Instructions to follow => Beginning with the line that contains "Clique Spin Eco Performance Pique Womens Polo | Black Clique", retype the entries below exactly, ending with the line that contains "Image of Roberto". Leave out any pictures.

Entries shown =>
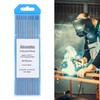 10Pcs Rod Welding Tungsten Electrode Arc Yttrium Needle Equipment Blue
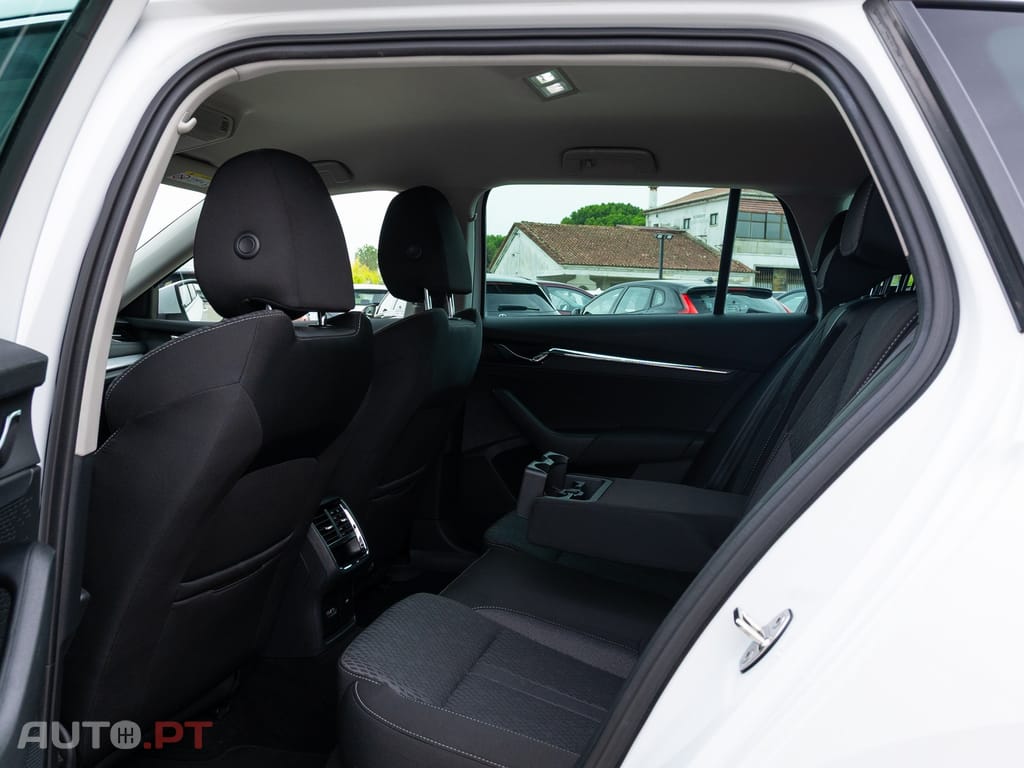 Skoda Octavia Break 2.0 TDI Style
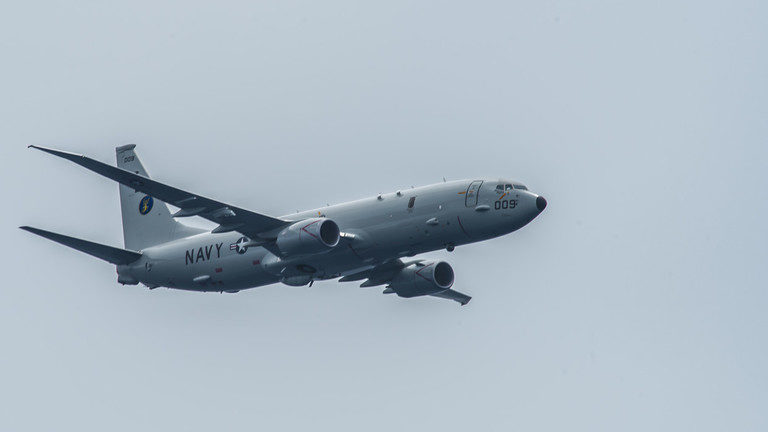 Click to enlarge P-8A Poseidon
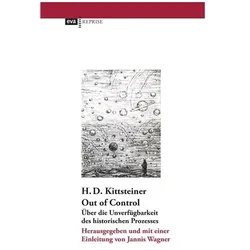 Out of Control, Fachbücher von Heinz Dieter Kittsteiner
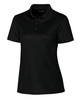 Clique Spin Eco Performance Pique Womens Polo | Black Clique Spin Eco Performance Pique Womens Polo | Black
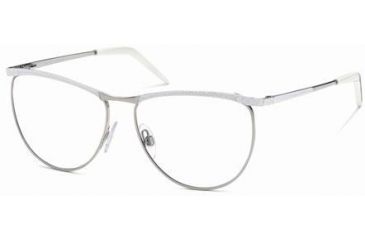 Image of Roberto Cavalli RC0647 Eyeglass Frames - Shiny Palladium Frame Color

...

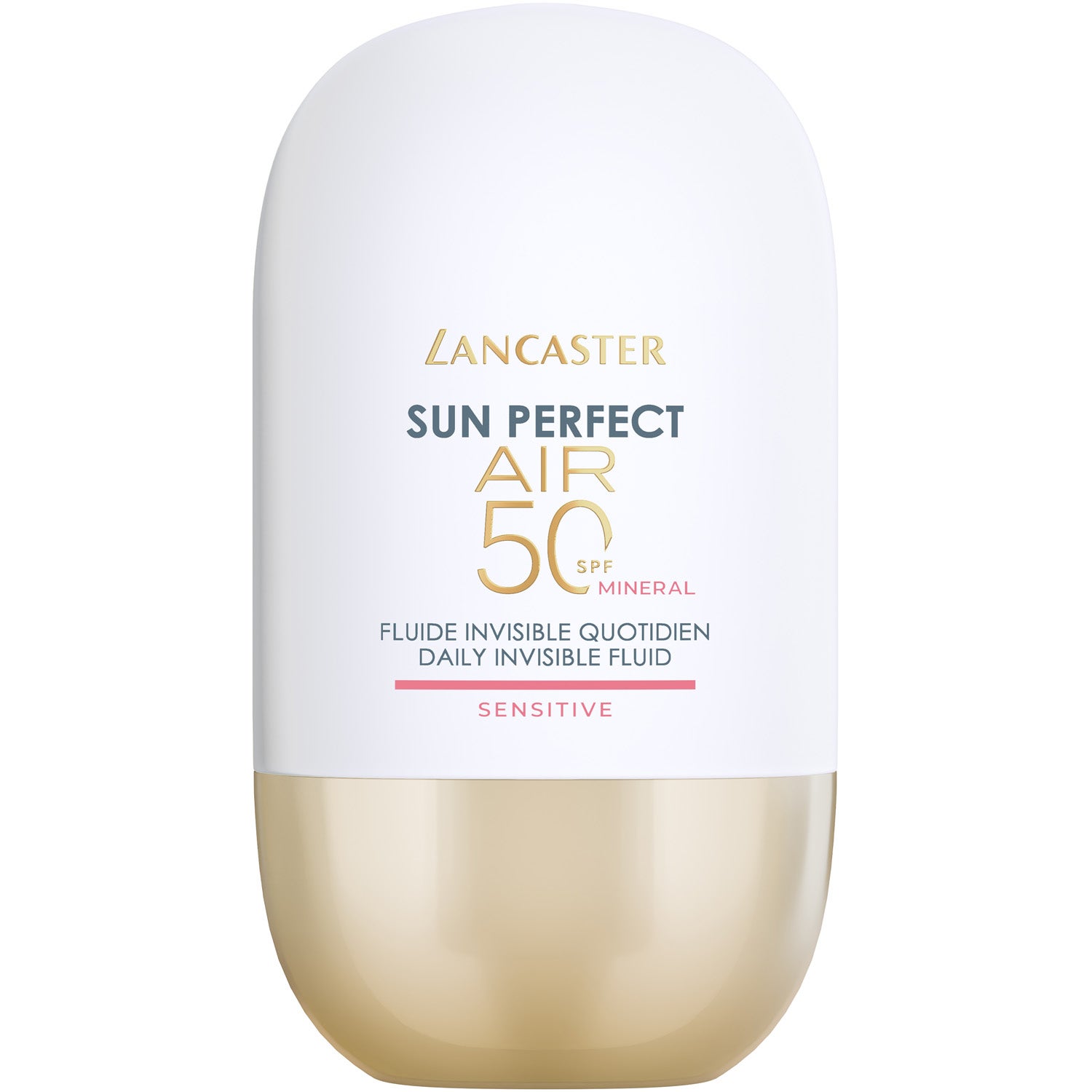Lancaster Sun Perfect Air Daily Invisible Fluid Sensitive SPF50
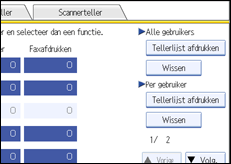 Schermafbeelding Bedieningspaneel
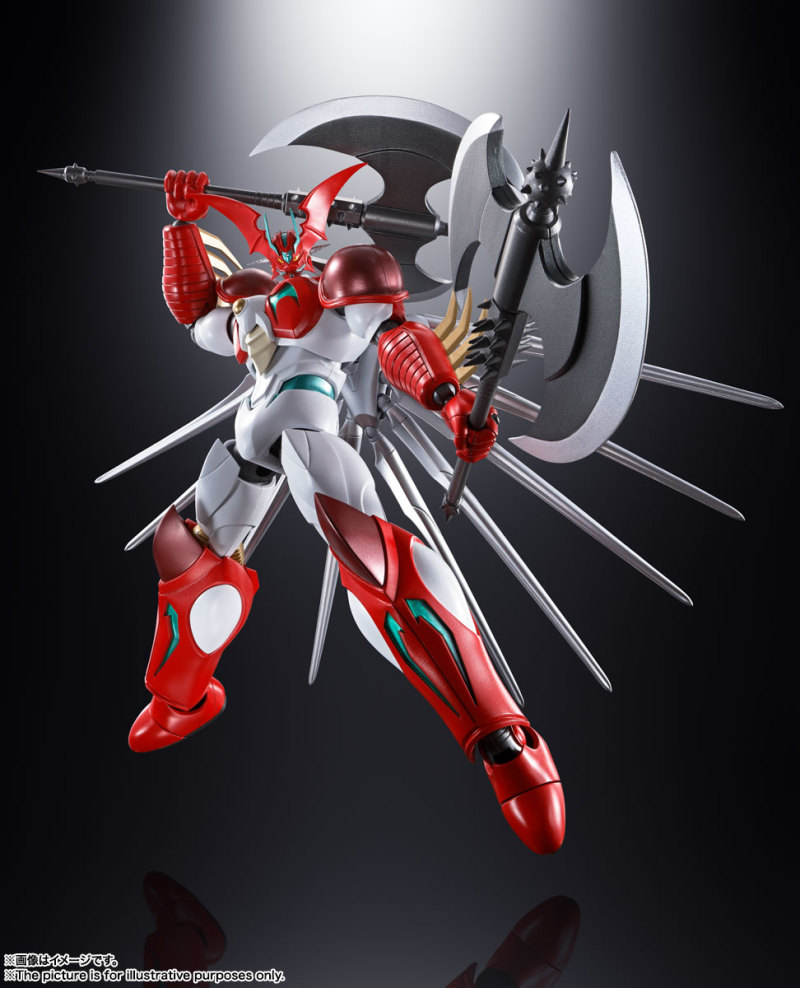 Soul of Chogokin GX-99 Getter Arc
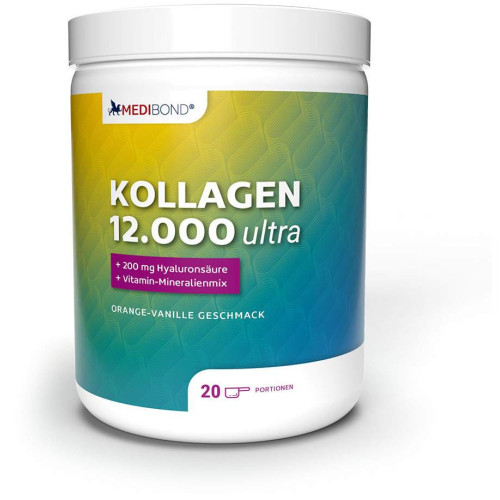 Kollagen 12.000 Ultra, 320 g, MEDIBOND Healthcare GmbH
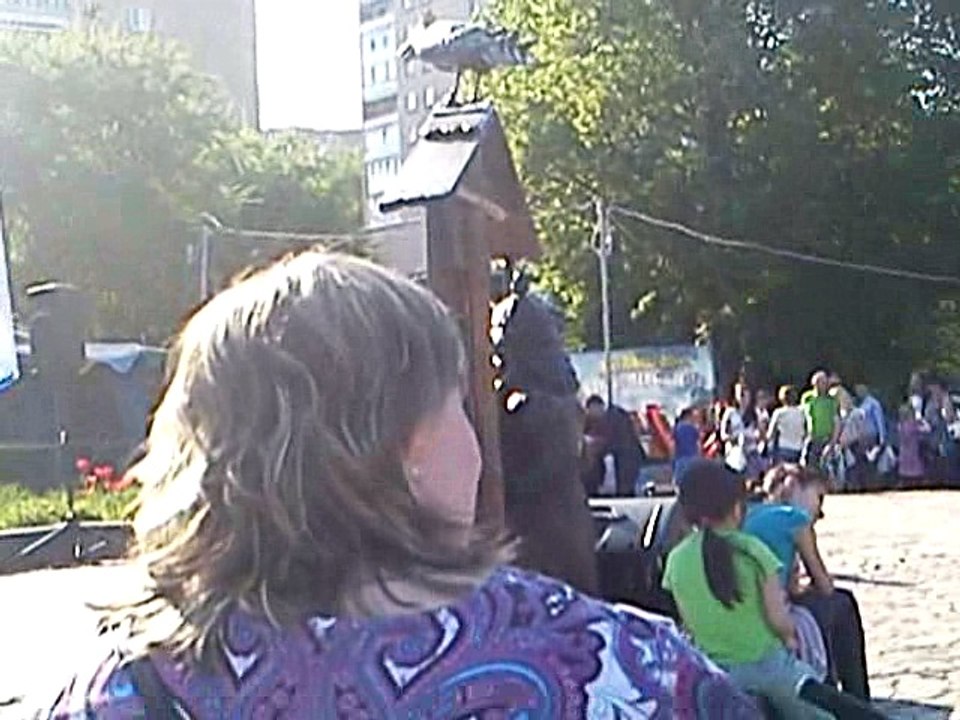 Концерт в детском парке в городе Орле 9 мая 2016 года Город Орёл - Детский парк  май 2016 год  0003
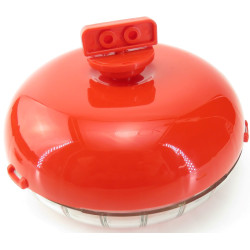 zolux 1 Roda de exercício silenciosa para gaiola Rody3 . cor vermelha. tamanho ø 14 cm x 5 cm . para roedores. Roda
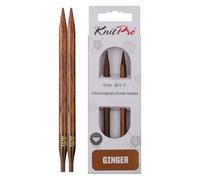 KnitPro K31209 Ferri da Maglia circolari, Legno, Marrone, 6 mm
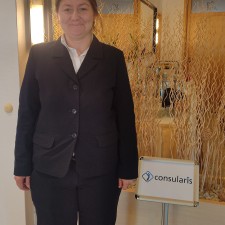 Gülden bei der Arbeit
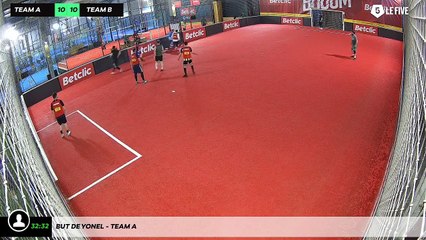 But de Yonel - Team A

Output for this exercise =>
 Clique Spin Eco Performance Pique Womens Polo | Black Clique Spin Eco Performance Pique Womens Polo | Black
 Image of Roberto Cavalli RC0647 Eyeglass Frames - Shiny Palladium Frame Color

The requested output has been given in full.